Escuelas rurales doblan en sobreedad a las urbanas

La tasa es del 44,5% en el interior. En las ciudades, el índice supera el 21%.
NEUQUÉN (AN).- Los alumnos que concurren a una escuela rural en toda la provincia doblan, en proporción, a los que tienen sobreedad en una ubicada en un área urbana. Para las autoridades del Consejo Provincial de Educación, esto podría explicarse, entre otros motivos, por la participación de esos niños en los trabajos vinculados al sector rural que forman parte de la salida laboral de sus padres.

El nivel Primario no es el que plasma los peores números del sistema educativo provincial. Ese lugar queda reservado para la escuela secundaria, y su tristemente conocido indicador de desgranamiento, con seis de cada 10 estudiantes quedando en el camino.

Según el último recorte que hizo el CPE en las primarias de toda la provincia, el 44,54% de los niños que van al ciclo "rural disperso", denominación que define a los establecimientos que reciben estudiantes cuyas comunidades de origen quedan más alejadas del centro educativo, tienen más edad de la que debieran para el grado que cursan.

En este segmento, 1.831 chicos de un total de 4.111 están bajo esta condición, mientras el promedio provincial para las escuelas urbanas es del 21,23%. A este último segmento van 73.916 años, y unos 15.690 tienen sobreedad.

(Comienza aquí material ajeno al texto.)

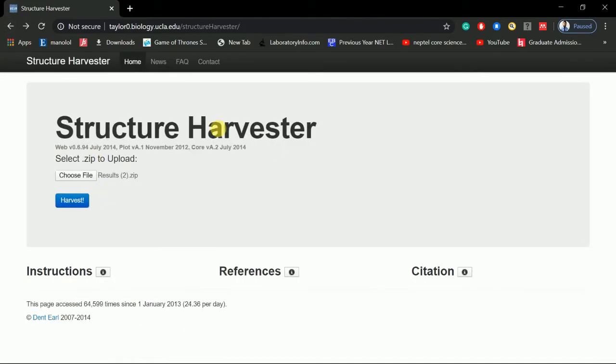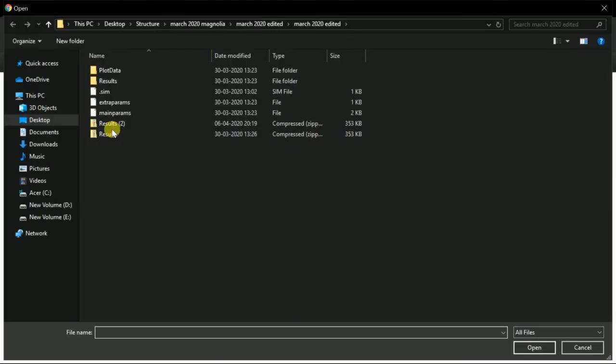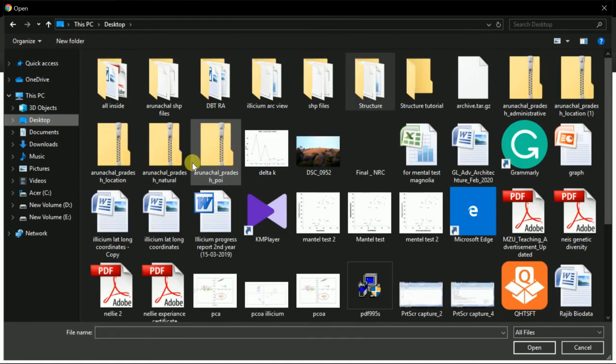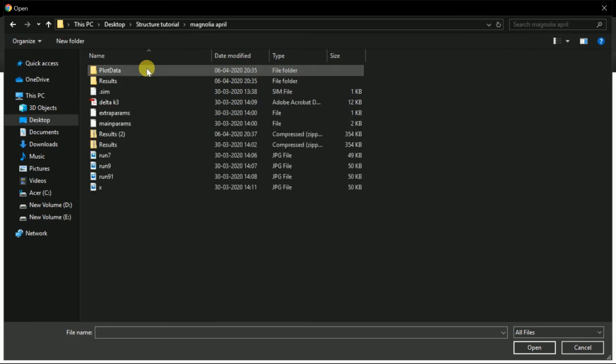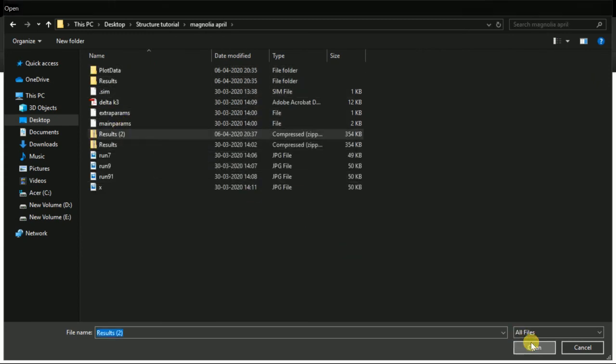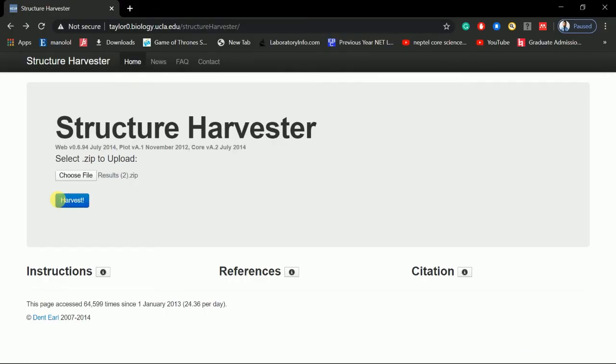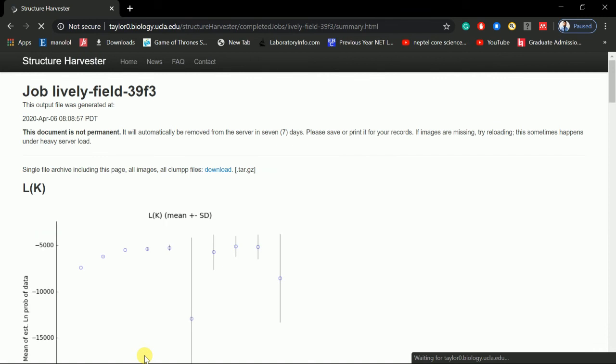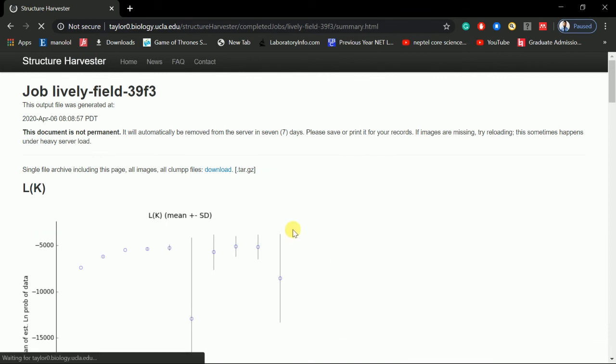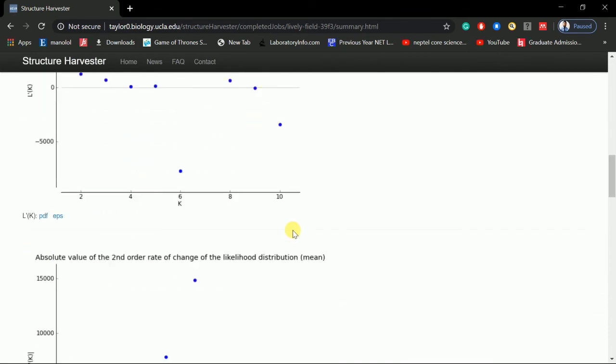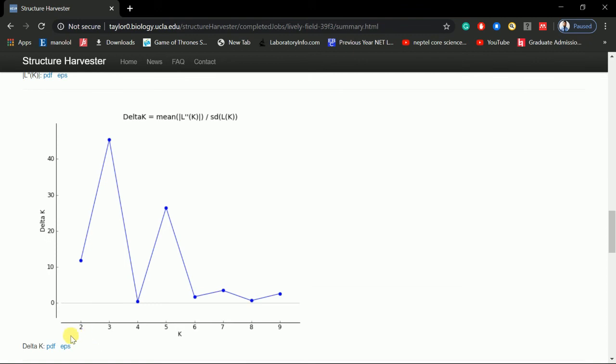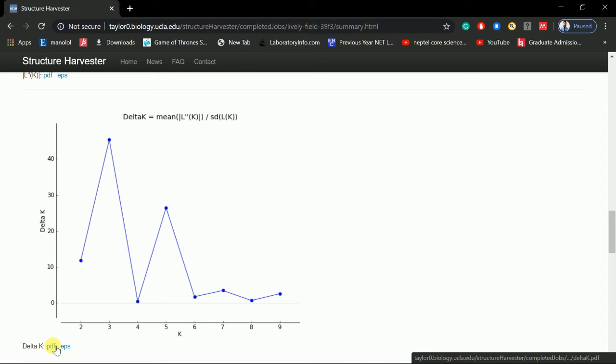You go to STRUCTURE Harvester and you choose your file. This was the file - we will go and select the file from Structure Tutorial. This is the result, and from here we can see that the highest value of K was picked at cluster 3. So from here, this is the PDF. You can save the PDF from here.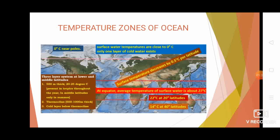The first layer is about 500 meters thick and the temperature in this region ranges between 20°C to 25°C. Within the tropics this layer is present throughout the year, but in mid-latitude areas it develops only during summers. The thermocline layer is characterized by a rapid decrease in temperature with increasing depth and is generally 500 to 1000 meters thick. The third layer is very cold and extends to the deep ocean floor; in Arctic and Antarctic latitudes the surface temperature itself is close to 0°C.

En las escuelas del ciclo "rural aglomerado", es decir, las que no están tan alejadas de los parajes donde viven los estudiantes, el indicador igual es más elevado que las ciudades más pobladas de la provincia: allí el 29,30% de los alumnos cuentas con más edad (607 de 2.072). Se vuelve a marcar una diferencia respecto a lo que ocurre en los centros urbanos.

En el CPE sostienen que se trata de situaciones diferentes: en las ciudades el fenómeno se da por la repitencia.

En tanto que en los parajes rurales lo que se estaría manifestando serían fenómenos como la veranada -que ya motivó un plan específico del CPE para cobijar con trailers a niños que acompañan a sus padres-, y otras tareas vinculadas a la fuente de sustento de sus familias, por lo general producción agrícola y ganadera (ver aparte).

Dentro de los 16 departamentos en que están subdividido el sistema, en ninguno la sobreedad baja del 20%. Hay casos por demás preocupantes como el de Catan Lil, donde 42,78% tiene sobreedad, o Ñorquín, con el 41,16% de los alumnos atravesando la misma situación.

De las estadísticas se desprende que el desgranamiento no es el problema de este sector, como ocurre en las secundarias: sólo 13,92% del alumnado es afectado por el problema.